36 thoughts on “Sunday Sevens Special – Crochet for Calais Update

  1. Yep, tearful again. I’ve knitted one up and will get on with a couple more after I’ve finished my second book bear. It’s a really good way of using up odds and ends too. Lovely to see those images 🙂

    Liked by 1 person

  2. Those children look adorable in their cheerful hats.
    I’ve just finished knitting a blanket – not one of my humungus ones but a lap size. I was wondering what to do with it. Shall I send it to the address in your original post?

    Liked by 1 person

  3. Thank you so much for keeping this current. More squares being made right NOW!

    Liked by 1 person

  4. Glad you posted this, time just flies and I’d meant to do some more. 😃

    Liked by 1 person

  5. Absolutely amazing. Thank you for sharing with us. It is truly special. I heart missed a beat when I saw the children and their little faces. It makes one realize just how much we have to be grateful for each day. I send my love and thanks to all those involved and took the time to work on this. Hugs to all. 🙂

    Liked by 1 person

    • It’s the continued commitment of the helpers that is so special and gives the refugees hope for a better future, one just like ours maybe. You’re so right – we should be grateful for what we have compared to these poor souls.

      Liked by 1 person

  6. Such a beautiful post Sheila, we have so much where they have so little. I did write to Jane about the fleece blankets a couple of weeks ago to see if she would like them and where she wanted me to send them but I have never heard back. Is there another way to contact her?

    Liked by 1 person

  7. Thank you for sharing this post, so often we see dreadful news, but it is being able to do something about it, that really helps our own sanity.

    Liked by 1 person

  8. Words can’t do this post justice. Beautiful!

    Liked by 1 person

  9. Heart warming that we can do something, even if it’s small in the scheme of things, to help people feel cared for.

    Liked by 1 person

    • The donations of handmade things give the refugees real hope that people care and, therefore, hope for a better future for their families. It’s lovely to see our actual blankets being used, isn’t it?

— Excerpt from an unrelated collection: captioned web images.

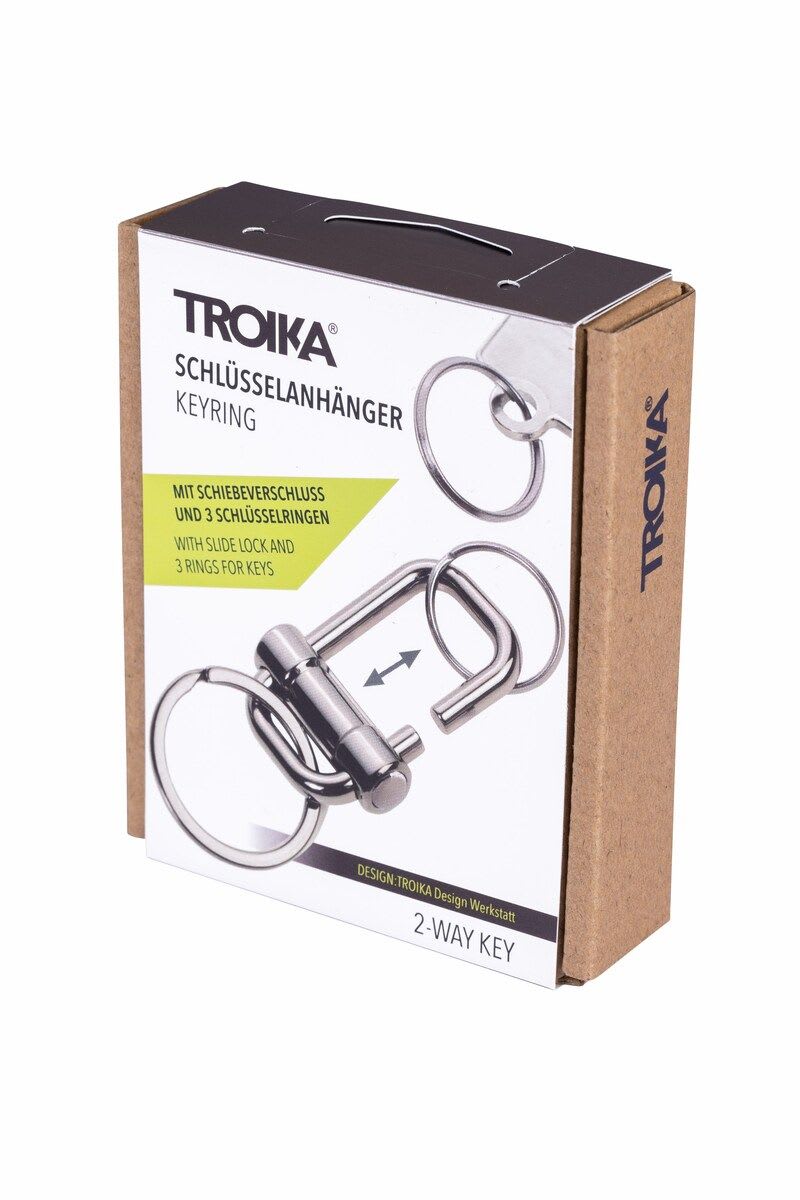 Llavero Troika 3 anillos para llaves en 2 tamaños.Metal gris6
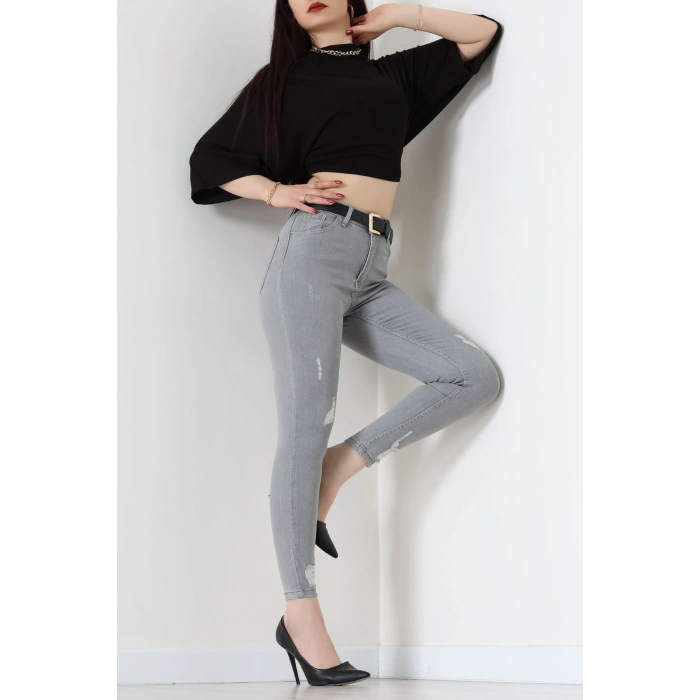 Dar Paça Kot Pantolon Gri - 42902.2128.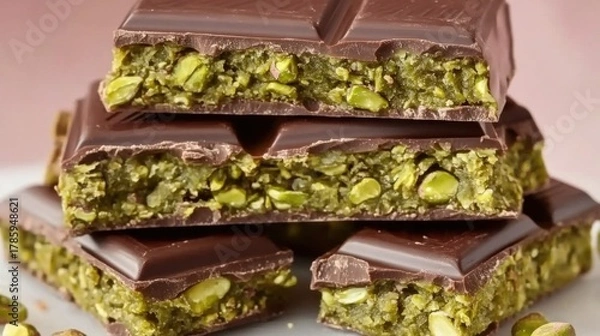 Fototapeta Dubai milk chocolate bar filled with kataifi dough and green pistachio paste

  10. Thank you for the update. Great to see these being handed straight to the refugees. I’ve knitted a few more squares so this is a good reminder to send them off.

    Liked by 1 person

    • So often you don’t see the results of your efforts and wonder whether your donation has even got there. It’s a real bonus to see the actual blankets we’ve made being used by their intended recipients, isn’t it?

      Liked by 1 person

  11. What a beautiful post. I’m going to see what I can make this week in the evenings. Maybe some hats! It’s so nice to see things go straight to the refugees and not get tied up somewhere and you never know if they’ve gotten to those who need them.

    Liked by 1 person

  12. Thanks for the update, Sheila. It’s nice to see the children warmly bundled and wearing festive hats. I can’t help but feel the weight of the world though. What those young faces have been through.

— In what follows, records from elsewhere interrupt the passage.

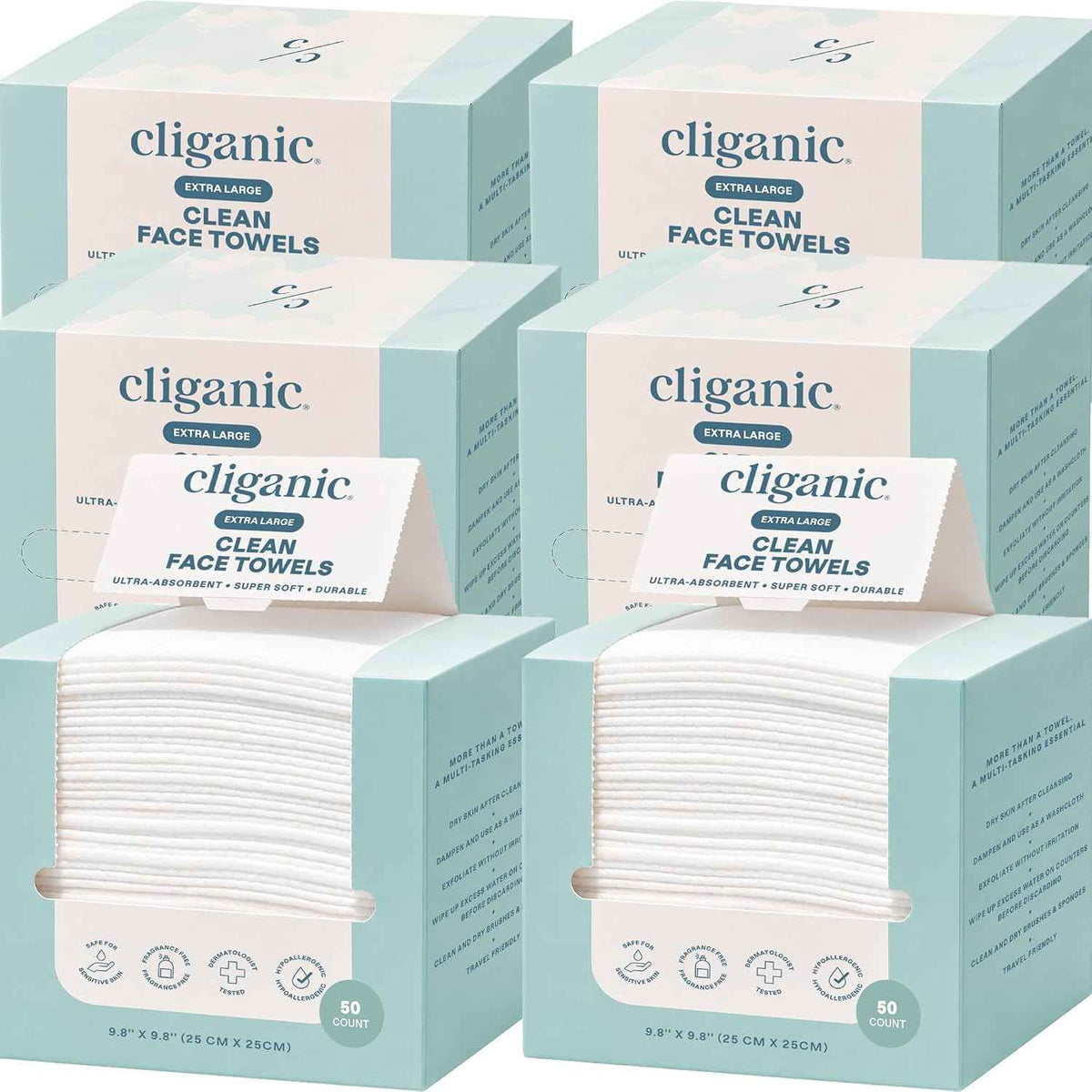 Cliganic Face Towels XL, Disposable Makeup Remover, Soft Dry Wipes, 300 ct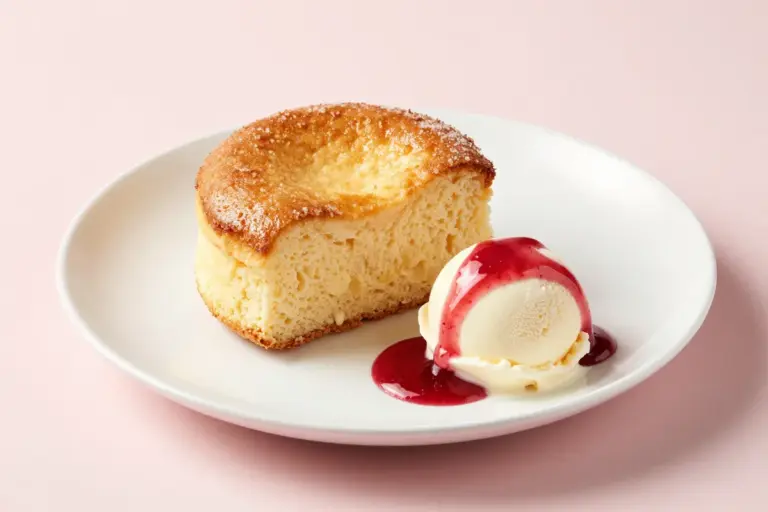 Individual warm butter cake with a crisp turbinado-sugar crust, vanilla ice cream, and raspberry sauce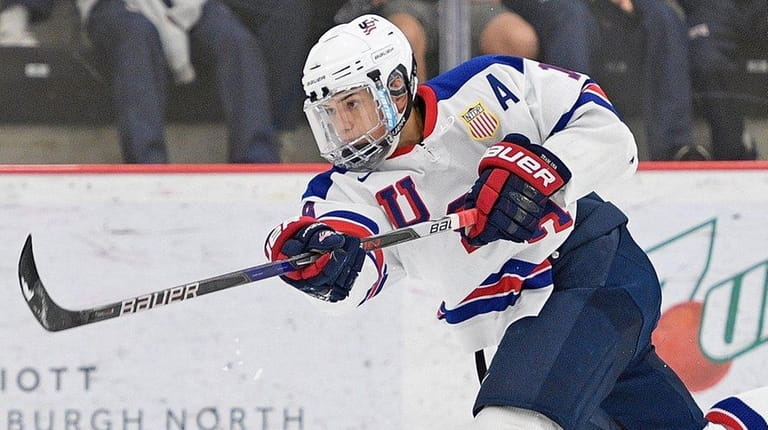 Oliver Wahlstrom of Team USA at the USHL Fall Classic...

    Thank you for spreading the word and for making a difference.

    Liked by 1 person

  13. Thanks for the gentle nudge. If I had more time this sounds like a fantastic cause to learn how to use my knitting machine for. But unfortunately I wont have the time before I go to sea. Although I normally tend to keep some knitting/crochet on me when at sea so this might have to be my “at sea” project.

    Liked by 1 person

  14. Oh wow, what a lovely post, it has brought a tear to my eye. It’s so sad what these families are having to go through. Thanks for sharing this, I will be casting on some squares.

    Liked by 1 person

  15. Wow, congratulations to everyone involved in contributing to this marvelous cause.


  16. Oh goodness, this makes me want to learn to knit. Such precious little faces, such a wonderful cause! Thank you this sad but necessary post. And thank you to all the participants!


  17. Aw that’s so lovely to see. Those blankets and hats are amazing! As are the people who made them! I love all the bright colours in such a sad time and place.